-- Data in this exercise follows --

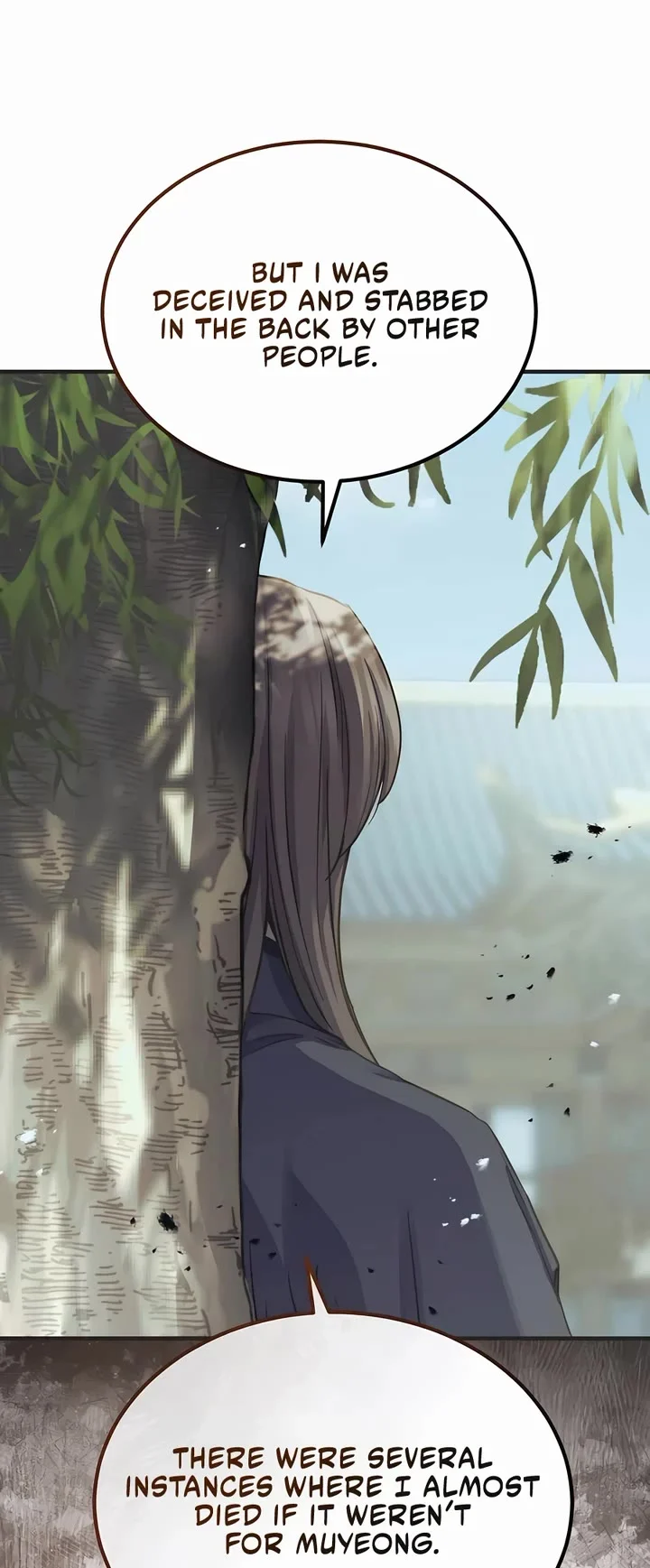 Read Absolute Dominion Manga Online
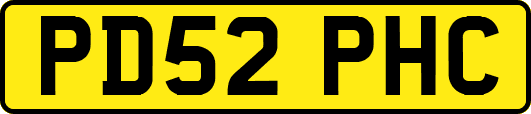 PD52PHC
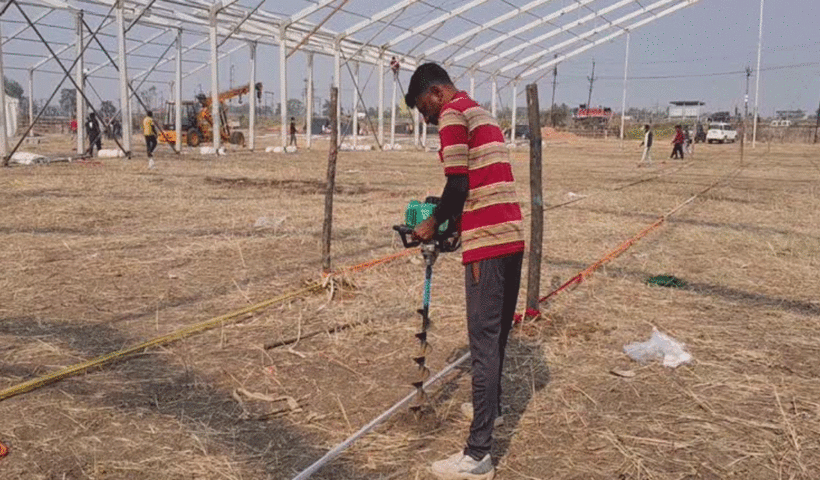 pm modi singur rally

-- Data in this exercise concluded --
-- Data in this exercise follows --

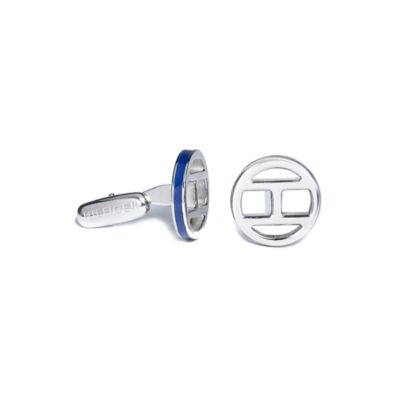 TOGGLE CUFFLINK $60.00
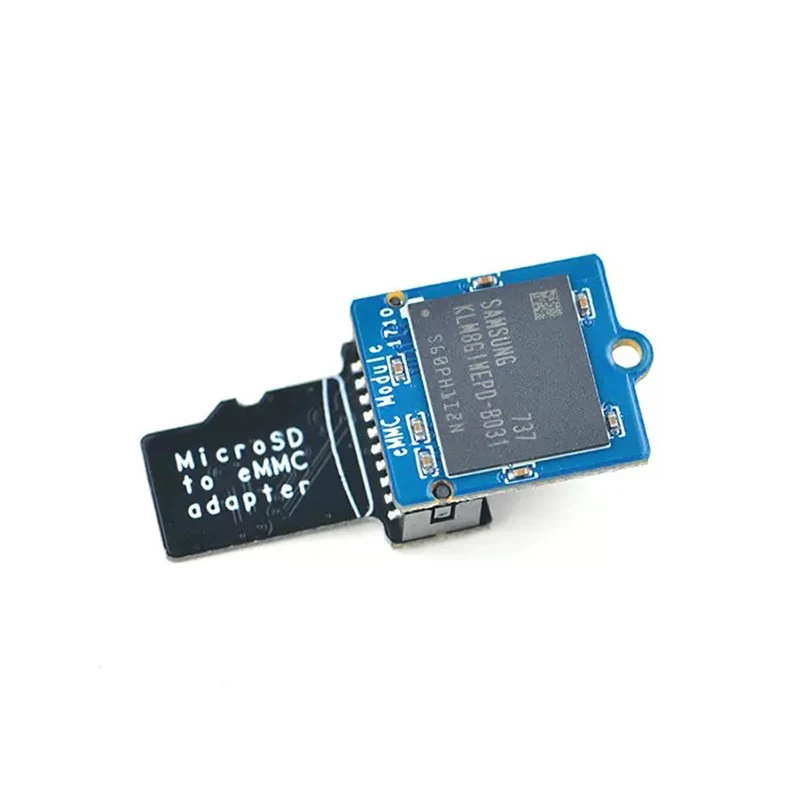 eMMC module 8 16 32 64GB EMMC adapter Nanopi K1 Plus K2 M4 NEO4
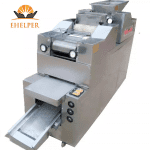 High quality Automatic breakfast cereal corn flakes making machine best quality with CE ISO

-- Data in this exercise concluded --

= Problem description =
Looking above, find the stretch of lines that opens with the one holding "Read Absolute Dominion Manga Online" and closes with the one holding "pm modi singur rally". Copy it exactly, pictures excluded.

= Your response =
 Read Absolute Dominion Manga Online
 PD52PHC
 pm modi singur rally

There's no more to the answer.